What you are asked to do -> Quote exactly, and only, the lines of the material below from the line with "BARROW ribbed intarsia-knit" through the line with "MDF Elephant Jharokha".

Given records ->
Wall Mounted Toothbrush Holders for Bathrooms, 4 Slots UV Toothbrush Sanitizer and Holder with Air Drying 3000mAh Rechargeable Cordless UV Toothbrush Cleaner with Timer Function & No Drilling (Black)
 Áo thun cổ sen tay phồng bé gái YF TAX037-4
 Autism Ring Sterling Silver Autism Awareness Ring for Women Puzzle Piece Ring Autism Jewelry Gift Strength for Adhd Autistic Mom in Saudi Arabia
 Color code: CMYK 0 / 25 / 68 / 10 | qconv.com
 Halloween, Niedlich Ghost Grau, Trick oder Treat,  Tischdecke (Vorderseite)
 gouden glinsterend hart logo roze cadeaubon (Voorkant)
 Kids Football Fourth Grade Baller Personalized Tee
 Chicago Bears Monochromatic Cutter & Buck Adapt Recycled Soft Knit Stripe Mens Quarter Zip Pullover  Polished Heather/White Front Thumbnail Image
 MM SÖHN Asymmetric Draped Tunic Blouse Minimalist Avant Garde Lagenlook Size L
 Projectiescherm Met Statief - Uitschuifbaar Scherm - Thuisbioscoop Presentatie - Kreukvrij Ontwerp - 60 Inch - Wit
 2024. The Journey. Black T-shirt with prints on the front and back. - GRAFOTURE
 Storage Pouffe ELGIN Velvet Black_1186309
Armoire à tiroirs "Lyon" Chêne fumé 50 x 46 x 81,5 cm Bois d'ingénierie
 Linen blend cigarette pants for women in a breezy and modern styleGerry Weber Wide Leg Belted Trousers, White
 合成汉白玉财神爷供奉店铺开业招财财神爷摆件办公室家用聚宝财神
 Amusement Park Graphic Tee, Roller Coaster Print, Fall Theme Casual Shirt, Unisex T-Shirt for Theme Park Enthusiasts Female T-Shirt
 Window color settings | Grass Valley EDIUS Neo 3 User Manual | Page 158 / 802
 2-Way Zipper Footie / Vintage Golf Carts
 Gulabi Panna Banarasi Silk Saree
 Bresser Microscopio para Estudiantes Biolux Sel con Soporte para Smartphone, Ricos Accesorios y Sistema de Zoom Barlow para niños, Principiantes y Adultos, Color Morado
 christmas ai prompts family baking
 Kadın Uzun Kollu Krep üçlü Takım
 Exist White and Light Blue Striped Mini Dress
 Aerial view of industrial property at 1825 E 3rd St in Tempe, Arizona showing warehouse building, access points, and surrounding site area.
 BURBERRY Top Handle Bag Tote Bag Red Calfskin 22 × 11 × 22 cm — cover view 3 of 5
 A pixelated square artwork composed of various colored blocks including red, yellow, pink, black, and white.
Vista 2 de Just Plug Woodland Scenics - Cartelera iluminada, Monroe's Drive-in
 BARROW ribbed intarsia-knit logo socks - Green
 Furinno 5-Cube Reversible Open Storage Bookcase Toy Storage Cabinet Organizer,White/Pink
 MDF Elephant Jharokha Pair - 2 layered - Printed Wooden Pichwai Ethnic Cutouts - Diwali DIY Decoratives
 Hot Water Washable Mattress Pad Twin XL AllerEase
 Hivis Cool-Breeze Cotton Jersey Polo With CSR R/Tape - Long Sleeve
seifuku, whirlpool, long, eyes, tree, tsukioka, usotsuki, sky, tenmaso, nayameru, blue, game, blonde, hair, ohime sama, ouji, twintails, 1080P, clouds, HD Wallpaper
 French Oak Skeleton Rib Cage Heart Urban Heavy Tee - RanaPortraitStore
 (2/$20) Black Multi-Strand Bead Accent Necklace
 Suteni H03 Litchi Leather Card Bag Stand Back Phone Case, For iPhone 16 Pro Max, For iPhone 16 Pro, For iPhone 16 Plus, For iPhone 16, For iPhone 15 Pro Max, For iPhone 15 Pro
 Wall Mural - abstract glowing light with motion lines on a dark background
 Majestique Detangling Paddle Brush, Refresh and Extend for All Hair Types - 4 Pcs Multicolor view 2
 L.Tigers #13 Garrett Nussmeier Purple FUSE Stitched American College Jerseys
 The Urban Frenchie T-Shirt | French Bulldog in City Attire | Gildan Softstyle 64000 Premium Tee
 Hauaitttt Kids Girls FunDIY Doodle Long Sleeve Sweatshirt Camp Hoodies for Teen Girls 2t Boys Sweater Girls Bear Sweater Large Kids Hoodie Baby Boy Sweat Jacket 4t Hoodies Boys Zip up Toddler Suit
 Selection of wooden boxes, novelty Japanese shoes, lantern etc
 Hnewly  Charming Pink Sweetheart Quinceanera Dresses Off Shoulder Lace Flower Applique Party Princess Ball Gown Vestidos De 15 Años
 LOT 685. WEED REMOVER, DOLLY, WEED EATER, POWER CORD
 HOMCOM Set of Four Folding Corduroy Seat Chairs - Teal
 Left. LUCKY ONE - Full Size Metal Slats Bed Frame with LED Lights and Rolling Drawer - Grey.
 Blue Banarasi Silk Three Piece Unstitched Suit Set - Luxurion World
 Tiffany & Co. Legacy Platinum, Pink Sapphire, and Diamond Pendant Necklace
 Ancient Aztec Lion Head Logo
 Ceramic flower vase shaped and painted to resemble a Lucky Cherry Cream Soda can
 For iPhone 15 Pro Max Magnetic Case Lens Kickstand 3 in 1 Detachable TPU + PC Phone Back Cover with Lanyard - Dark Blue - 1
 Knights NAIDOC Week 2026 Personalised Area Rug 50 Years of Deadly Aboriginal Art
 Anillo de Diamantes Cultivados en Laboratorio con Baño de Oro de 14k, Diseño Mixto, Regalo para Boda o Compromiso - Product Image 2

Expected answer ->
 BARROW ribbed intarsia-knit logo socks - Green
 Furinno 5-Cube Reversible Open Storage Bookcase Toy Storage Cabinet Organizer,White/Pink
 MDF Elephant Jharokha Pair - 2 layered - Printed Wooden Pichwai Ethnic Cutouts - Diwali DIY Decoratives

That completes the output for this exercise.